### WHAT YOU HAVE TO DO
From the first line of the data below through the line holding "Security Incident Notice", output each line exactly and leave the pictures out.

[DATASET Boundary: Start]

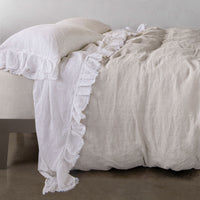 Kristine Linen Flat Sheet - Ayrton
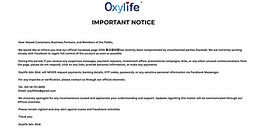 Security Incident Notice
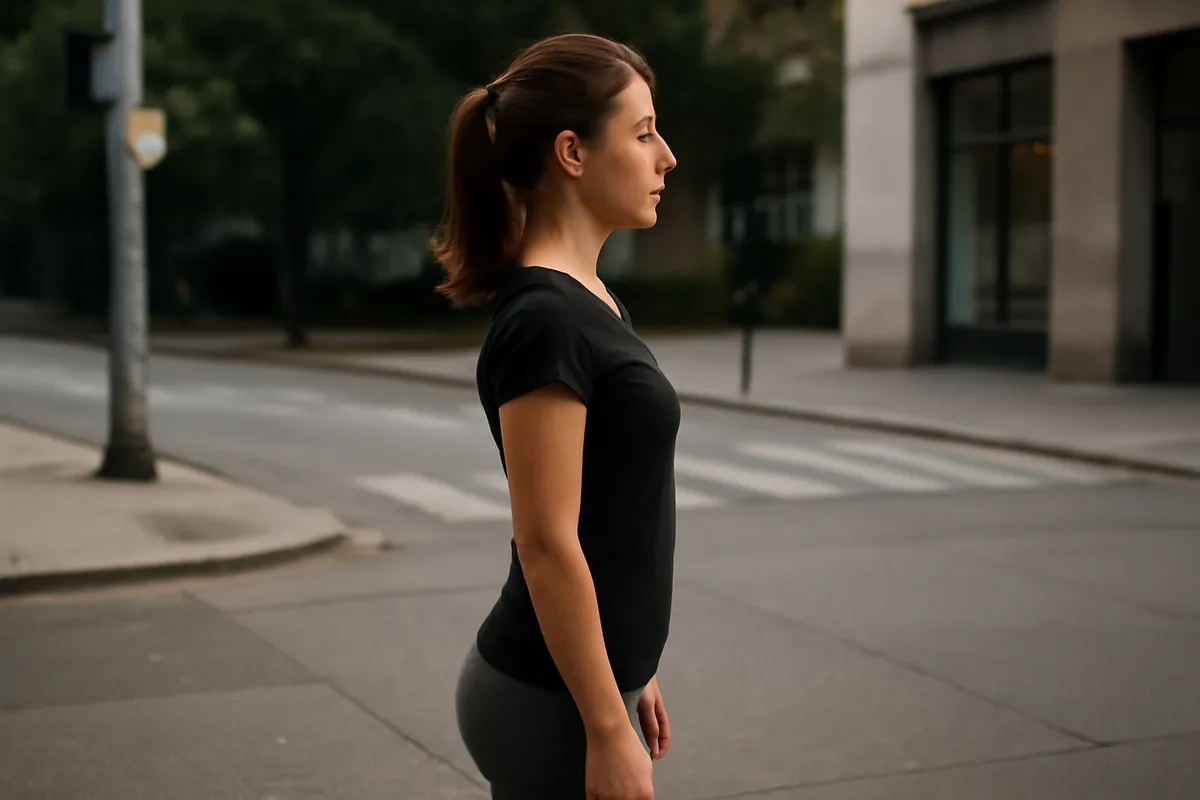 Comment corriger sa posture au quotidien ? — Une posture alignée réduit le stress mécanique sur la colonne et diminue les risques de récidive. En station debout, répartissez votre poids de façon équilibrée et évitez de creuser excessivement le bas du
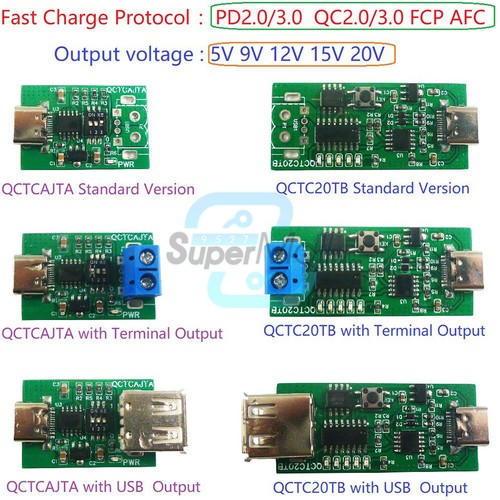 Type afc fast charge - fast,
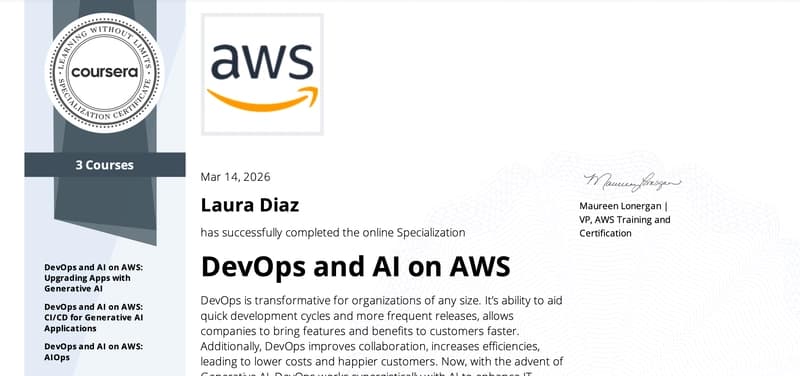 Course 3 of 3: AIOps ☁️💪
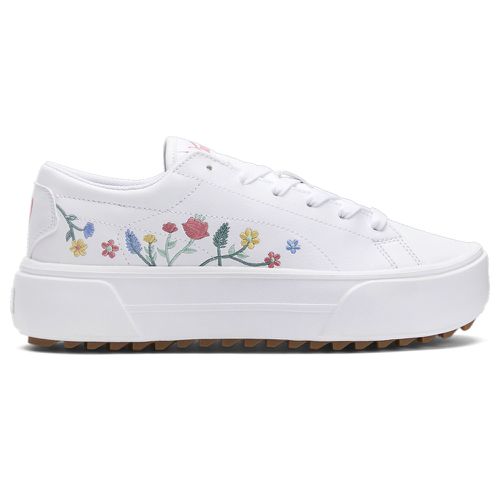 Kaia Floral Platform Sneakers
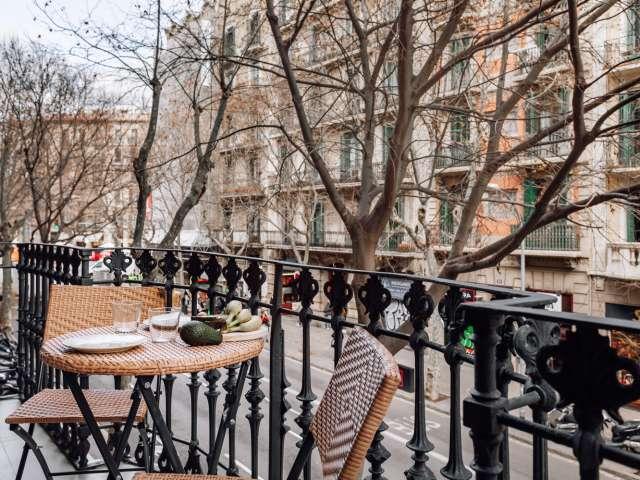 Estudio en alquiler en l'Antiga Esquerra de l'Eixample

[DATASET Boundary: End]

### REPLY TO THE EXERCISE
 Kristine Linen Flat Sheet - Ayrton
 Security Incident Notice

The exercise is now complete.